TASK DIRECTIONS =
Copy out the lines beginning at the one with "Sibirische Schwertlilie •" and ending at the last line of the data, both included; pictures stay out.

INFORMATION SUPPLIED =
++++++++++
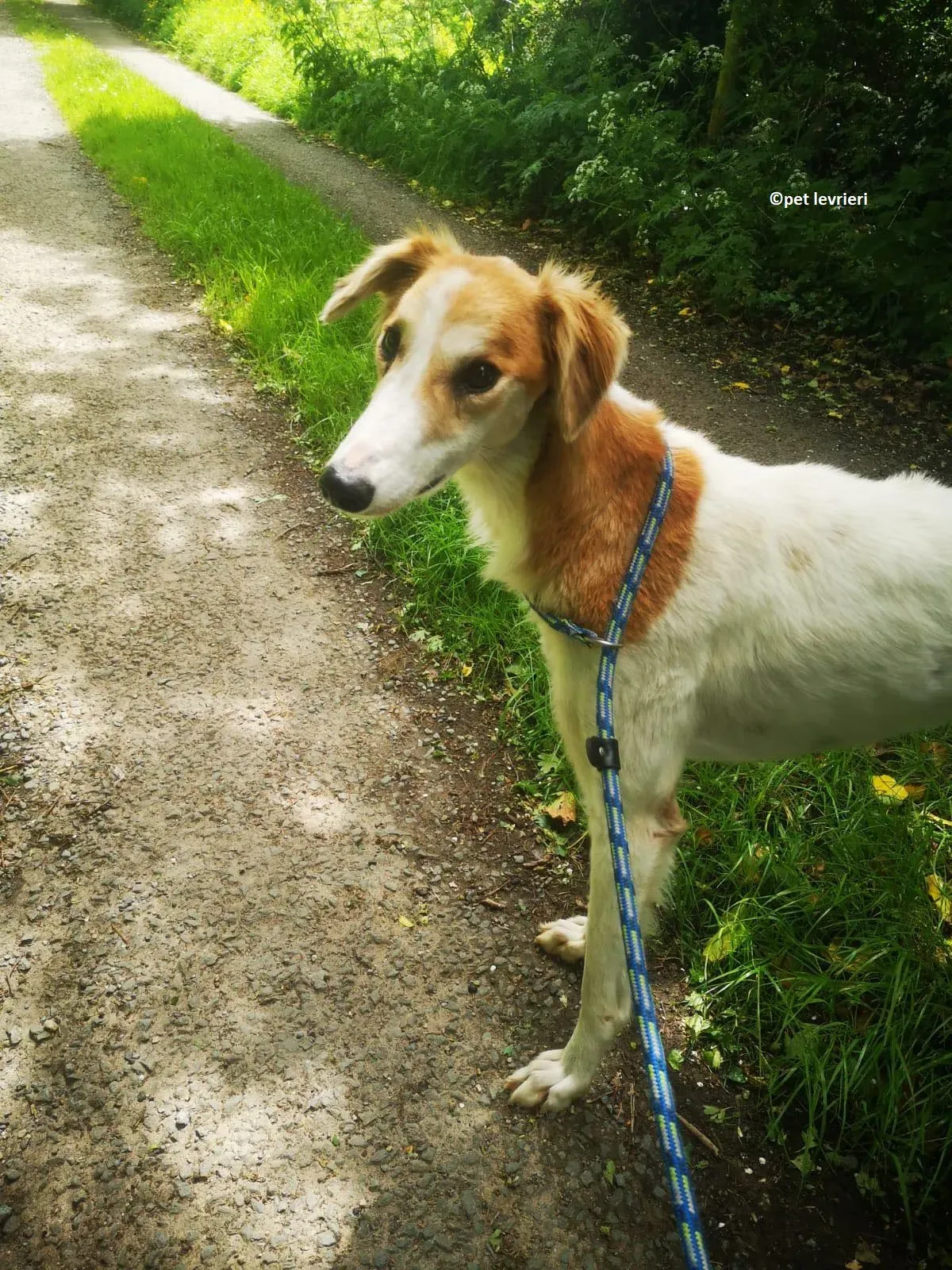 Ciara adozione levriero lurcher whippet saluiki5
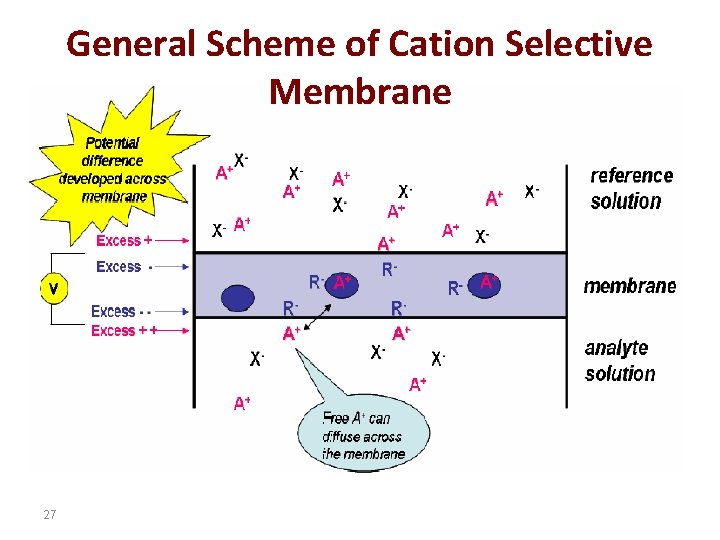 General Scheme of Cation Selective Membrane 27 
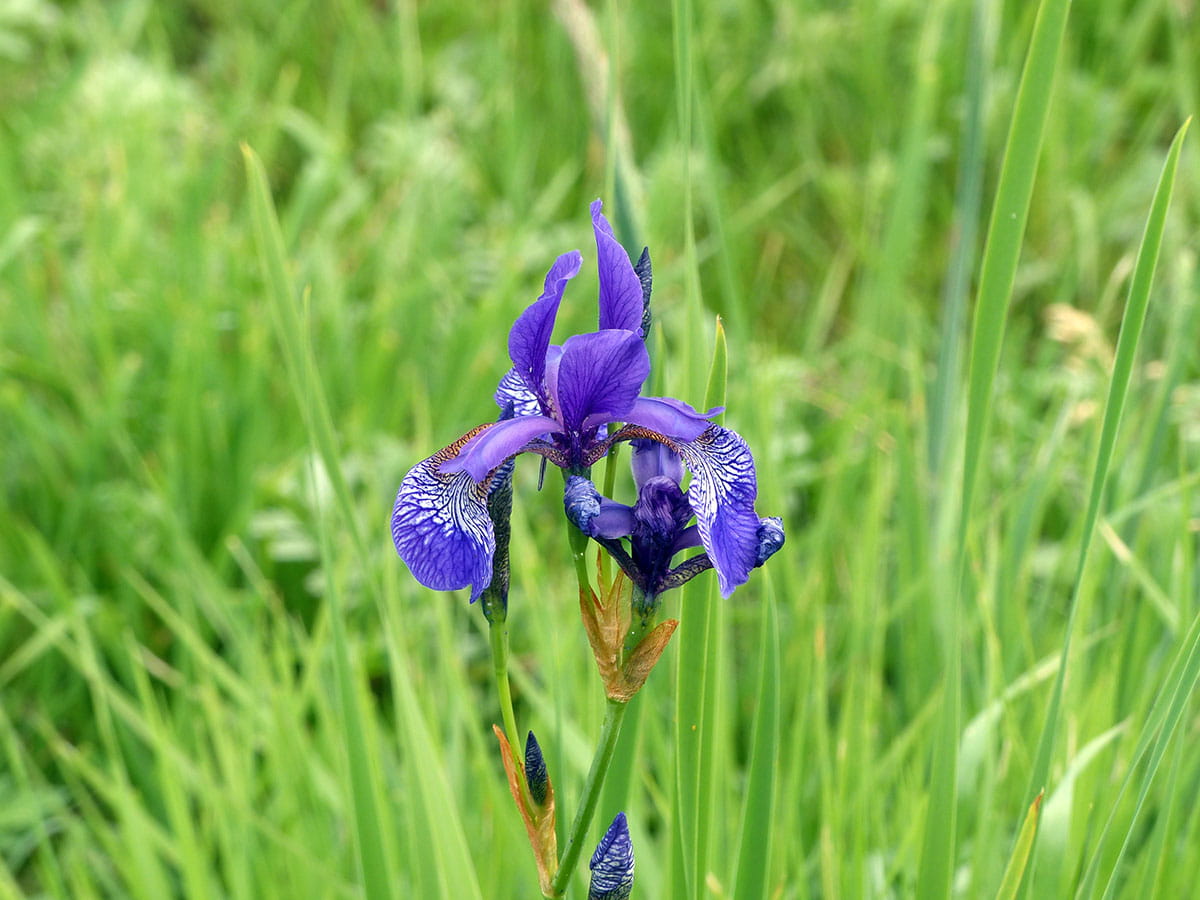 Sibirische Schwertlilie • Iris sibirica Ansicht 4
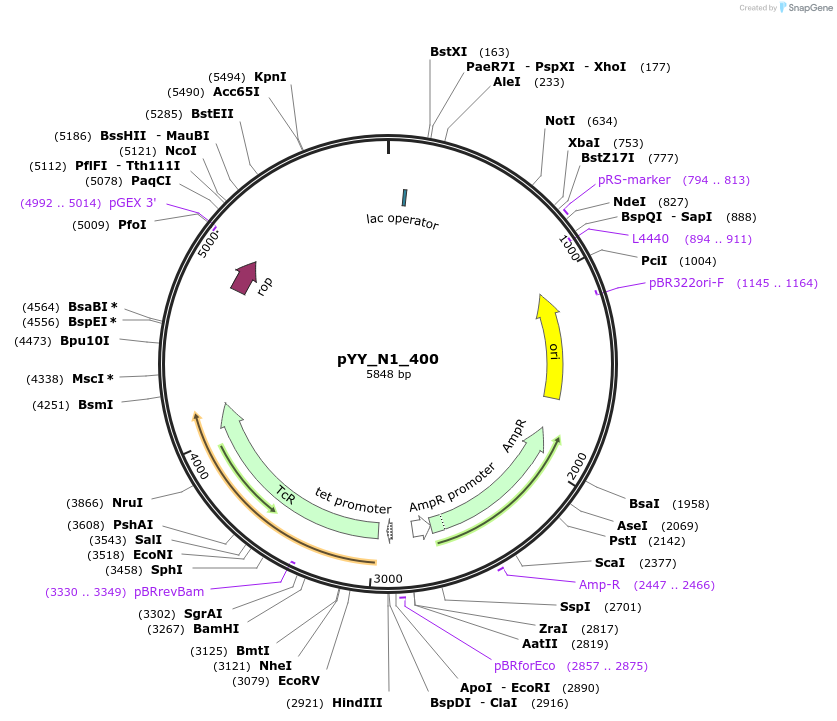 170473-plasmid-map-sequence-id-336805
++++++++++
TASK SOLUTION =
 Sibirische Schwertlilie • Iris sibirica Ansicht 4
 170473-plasmid-map-sequence-id-336805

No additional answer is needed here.